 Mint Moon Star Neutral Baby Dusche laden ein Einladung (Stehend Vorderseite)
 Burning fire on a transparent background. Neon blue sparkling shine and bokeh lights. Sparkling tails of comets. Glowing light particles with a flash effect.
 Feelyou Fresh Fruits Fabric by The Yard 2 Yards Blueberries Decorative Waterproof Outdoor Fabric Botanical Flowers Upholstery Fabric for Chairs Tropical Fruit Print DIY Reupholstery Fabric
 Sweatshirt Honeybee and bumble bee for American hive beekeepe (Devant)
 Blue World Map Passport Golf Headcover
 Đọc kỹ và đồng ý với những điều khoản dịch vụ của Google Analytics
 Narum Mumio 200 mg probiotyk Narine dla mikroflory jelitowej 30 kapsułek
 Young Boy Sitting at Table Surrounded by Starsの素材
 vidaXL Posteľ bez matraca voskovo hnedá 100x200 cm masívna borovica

* * *

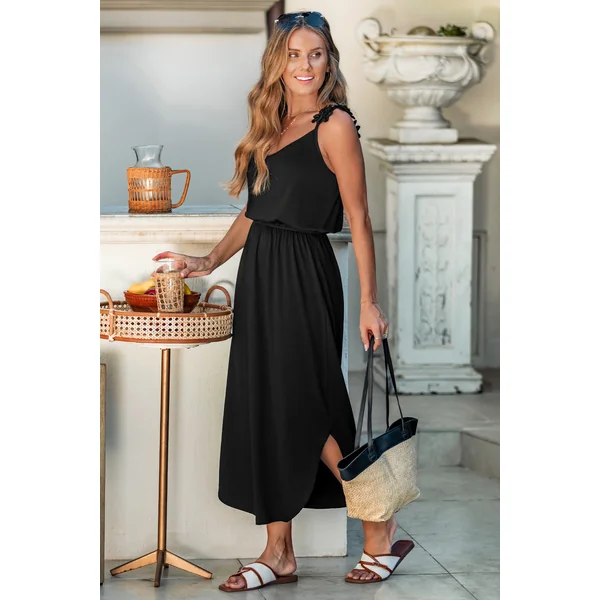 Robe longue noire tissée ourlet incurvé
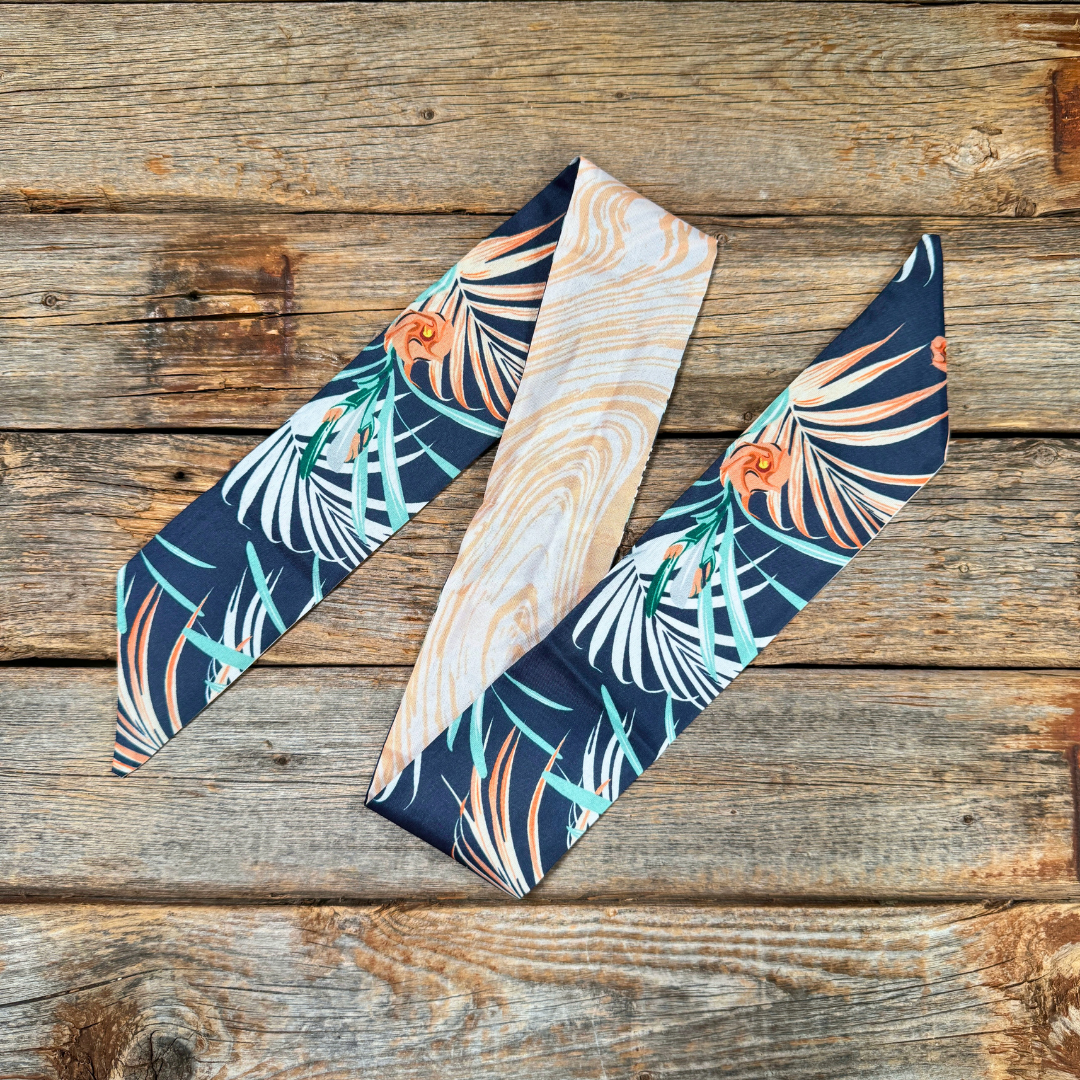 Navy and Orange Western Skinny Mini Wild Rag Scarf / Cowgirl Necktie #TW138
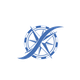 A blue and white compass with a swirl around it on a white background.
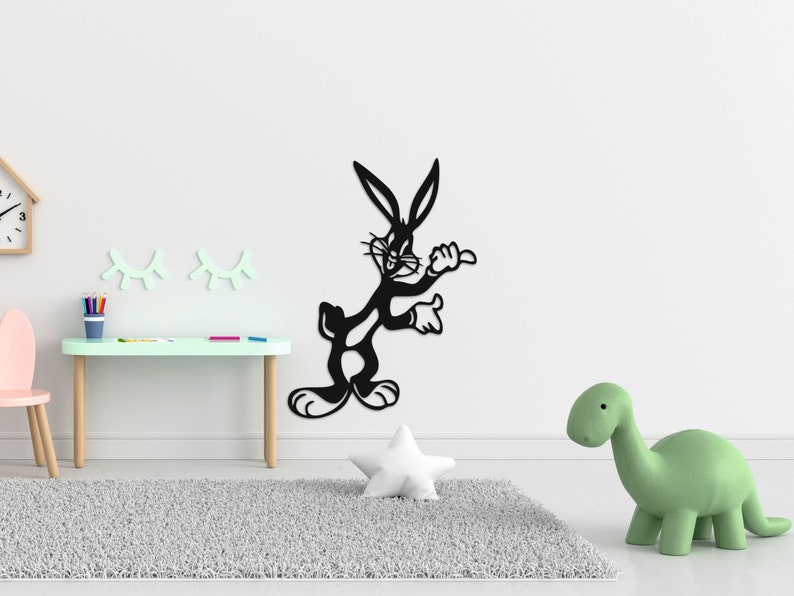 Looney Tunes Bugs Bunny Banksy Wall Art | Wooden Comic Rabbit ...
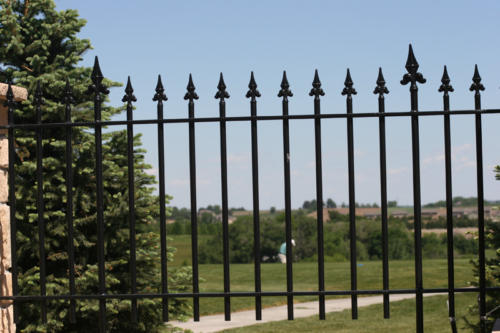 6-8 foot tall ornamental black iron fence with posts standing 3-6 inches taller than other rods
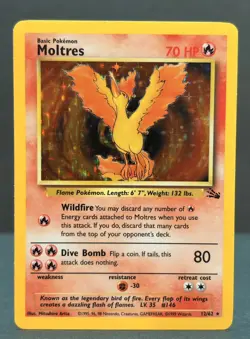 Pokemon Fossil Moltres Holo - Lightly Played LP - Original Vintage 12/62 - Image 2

...

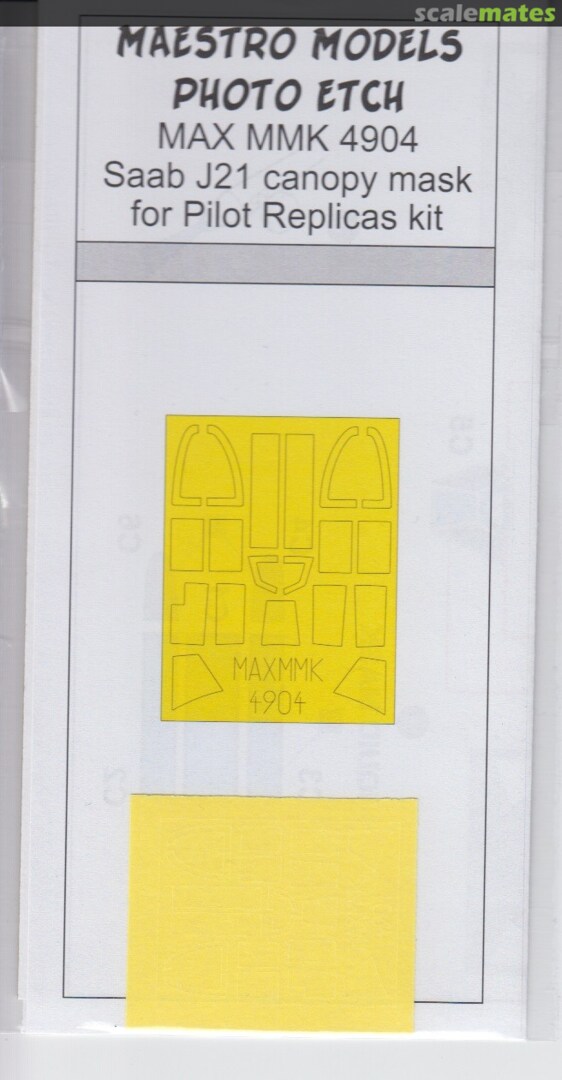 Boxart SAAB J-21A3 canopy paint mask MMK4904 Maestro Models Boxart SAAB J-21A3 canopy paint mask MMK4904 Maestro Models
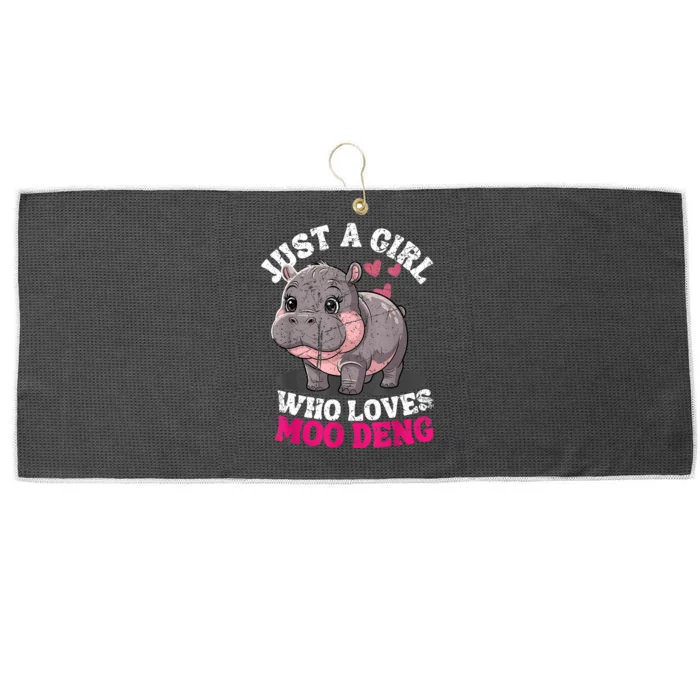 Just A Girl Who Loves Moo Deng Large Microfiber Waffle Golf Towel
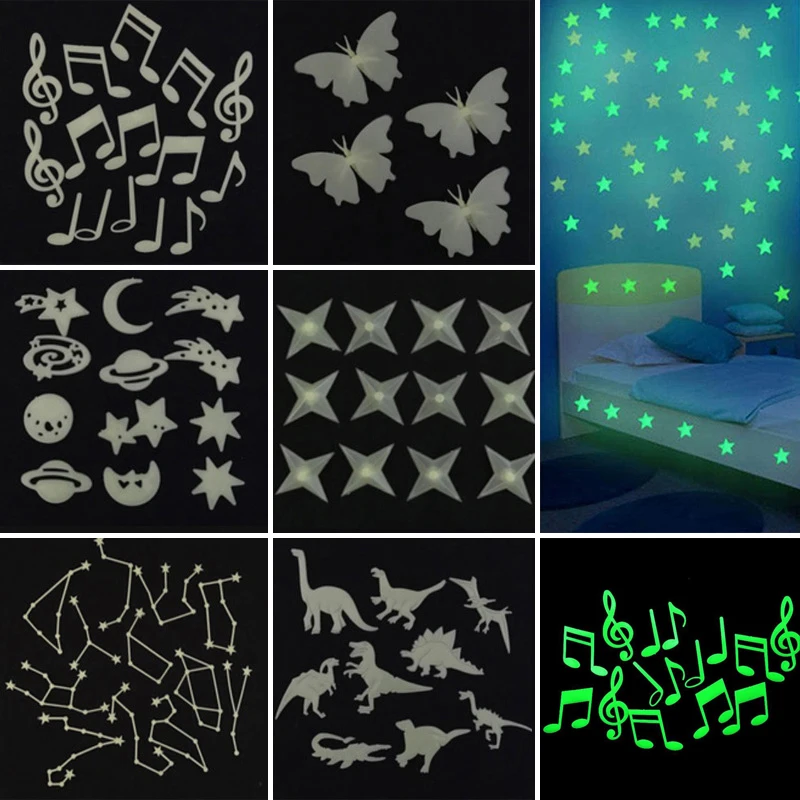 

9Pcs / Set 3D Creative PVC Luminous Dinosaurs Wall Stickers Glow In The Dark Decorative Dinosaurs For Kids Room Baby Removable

* Work to be completed:
From the listing above, restate verbatim the lines running from the one with "Navy and Orange" through the one with "6-8 foot tall", inclusive, but not the pictures.

* Your response:
 Navy and Orange Western Skinny Mini Wild Rag Scarf / Cowgirl Necktie #TW138
 A blue and white compass with a swirl around it on a white background.
 Looney Tunes Bugs Bunny Banksy Wall Art | Wooden Comic Rabbit ...
 6-8 foot tall ornamental black iron fence with posts standing 3-6 inches taller than other rods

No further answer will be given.